Entries shown section start
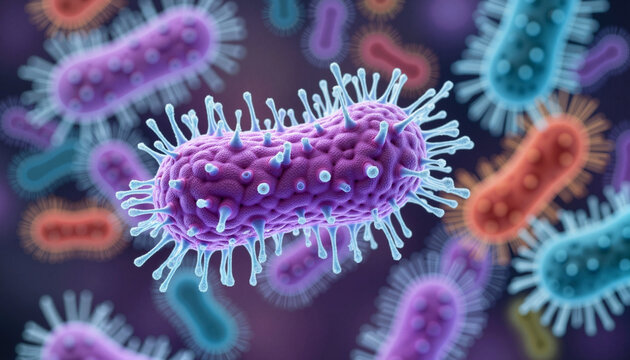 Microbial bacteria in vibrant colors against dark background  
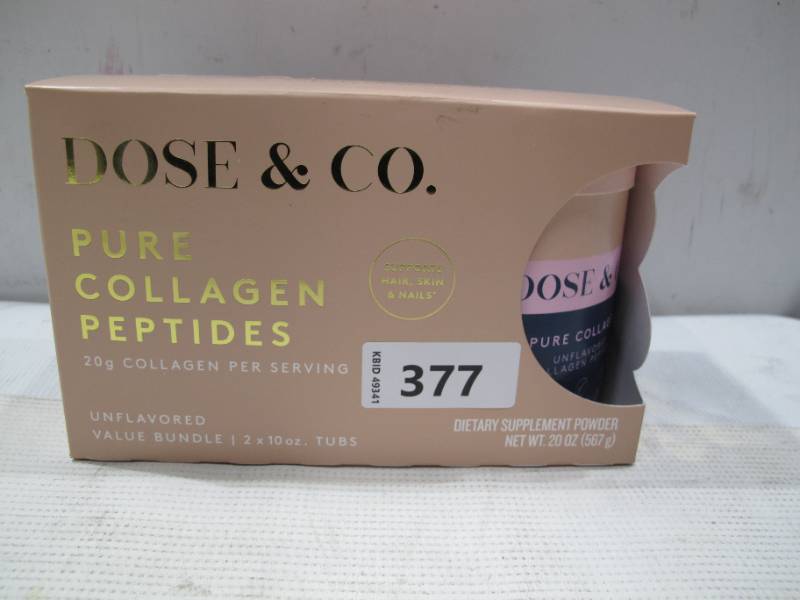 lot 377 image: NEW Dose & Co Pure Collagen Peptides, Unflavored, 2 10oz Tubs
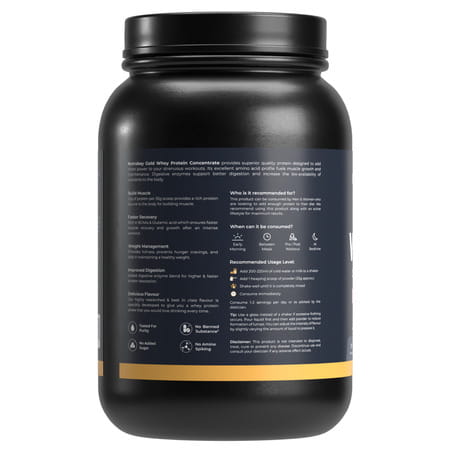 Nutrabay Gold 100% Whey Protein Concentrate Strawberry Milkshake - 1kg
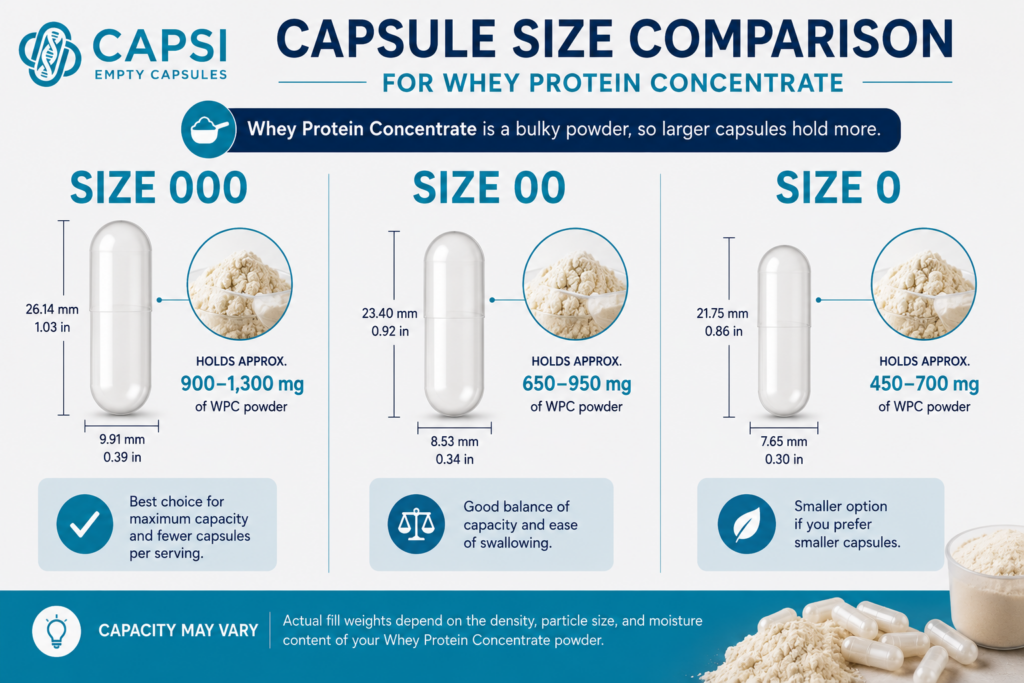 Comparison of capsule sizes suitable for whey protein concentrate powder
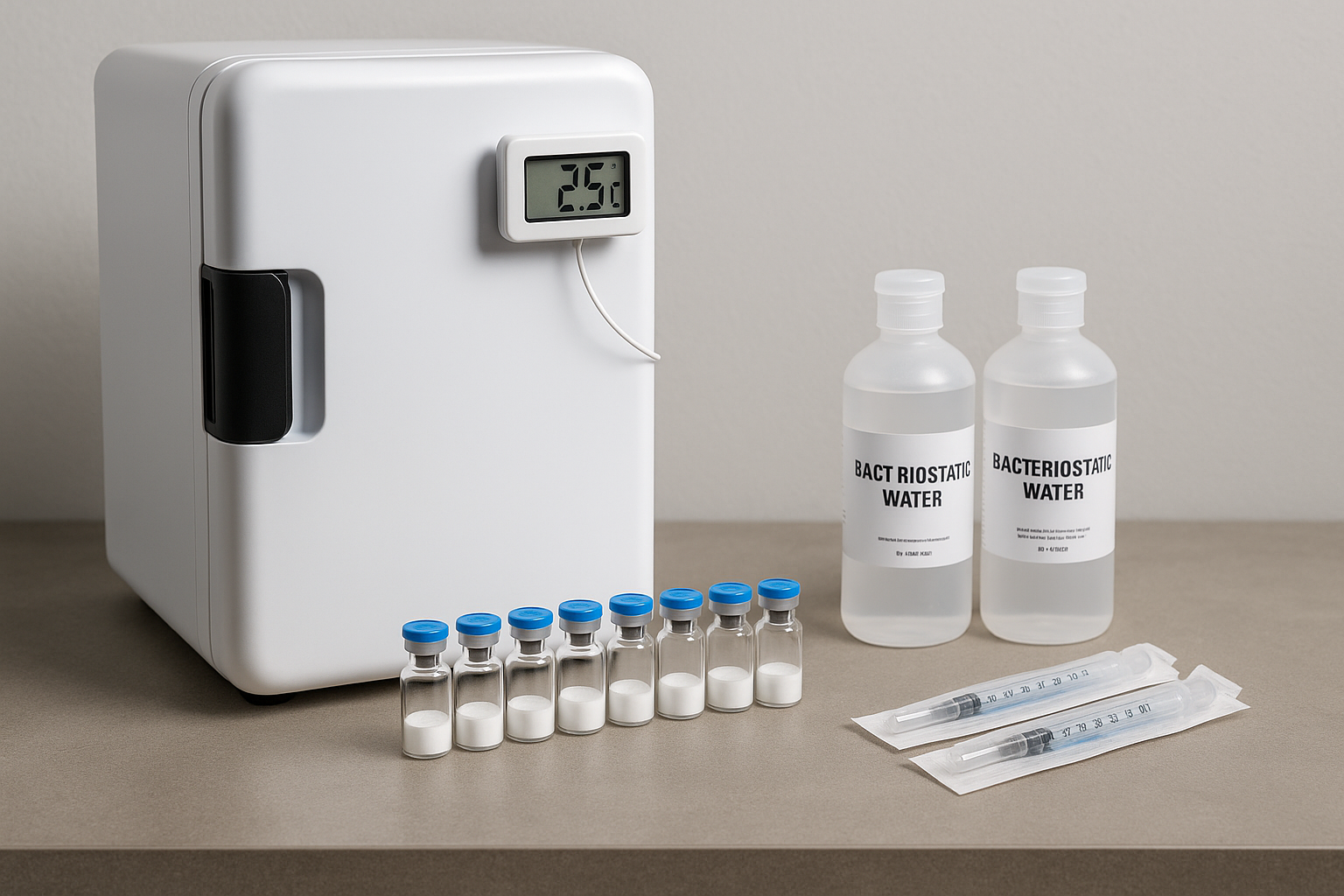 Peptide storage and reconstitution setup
Entries shown section end
=== Problem description ===
All of the data must be given again exactly, without the pictures.

=== Solution to this exercise ===
 Microbial bacteria in vibrant colors against dark background  
 lot 377 image: NEW Dose & Co Pure Collagen Peptides, Unflavored, 2 10oz Tubs
 Nutrabay Gold 100% Whey Protein Concentrate Strawberry Milkshake - 1kg
 Comparison of capsule sizes suitable for whey protein concentrate powder
 Peptide storage and reconstitution setup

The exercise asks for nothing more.